In 2003 the company introduced the FW-17 fifth wheel, the lightest and most durable model it had produced to date, which featured a new locking and release mechanism. A new suspension for buses and motorhomes was introduced as well, as were pintle hooks and draw bars for lighter-duty vehicles.

In 2004 Holland Group CEO Richard Muzzy took on the added title of board chairman, while 30-year company veteran Samuel A. Martin was named president and chief administrative officer. As executive vice president, Martin had overseen the firm's restructuring efforts. That September, the company also purchased the Simplex fifth wheel line from Consolidated Metco, Inc.

In early 2005 the Holland Group revamped its aftermarket parts service and delivery procedures. All U.S. parts would ship from either Holland or Wylie, Texas, with no minimum order required, and a new Web page for aftermarket sales was later added. In the fall the firm also introduced a new series of pintle hooks that were lighter and more durable than previous models.

Nearly a century after it first began marketing an agricultural plow hitch, the Holland Group had become the leading maker of fifth wheels and related hitching products for the heavy trucking industry.
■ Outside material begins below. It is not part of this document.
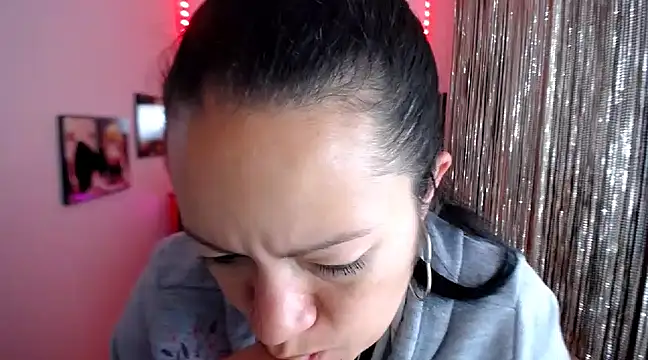 Snapshot of Cristal_w chatting on 03-20-25, 06:42 Cristal w online show from 03-20-25, 06:42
Through strategic acquisitions the firm was also a manufacturer of suspension systems for trucks, buses, and motorcoaches, as well as a producer of a variety of rolled metal products.

Principal Subsidiaries

Eurohitch GmbH (Germany); FWF France (50%); Holland Eurohitch Ltd. (United Kingdom); Holland Europe GmBH (Germany); The Holland Group, Inc. (Mexico); Holland Hitch of Australia Ltd.; Holland Hitch of Canada Ltd.; Holland International; Holland Transtrade Far East (Malaysia); Holland Transtrade Thailand Co. Ltd.; Holland USA, Inc.; Nippon Holland, Ltd. (Japan).

Principal Competitors

ArvinMeritor, Inc.; Fontaine International; The Jost Group.

Chronology

  • Key Dates
  • 1910 Safety Release Clevis Company is formed in South Dakota to make plow hitches.
  • 1920 The company relocates to Holland, Michigan, and becomes known as Holland Hitch.
  • 1935 Henry Ketel and Henry Geerds revive the firm after bankruptcy.
  • 1956 The company opens a warehouse in California.
  • 1963 New plants built in South Carolina and Ontario, Canada.
  • 1969 Holland Hitch Forwarding Co. is founded and a German sales office is added.
  • 1981 Holland Metalcraft is purchased.
  • 1991 The Binkley Company of Missouri is acquired.
  • 1999 Neway Anchorlok International of Muskegon, Michigan, is purchased.
  • 2002 The company is restructured; the South Carolina plant and the Anchorlok brake line are sold.
  • 2004 Simplex brand of fifth wheels is acquired from Consolidated Metco.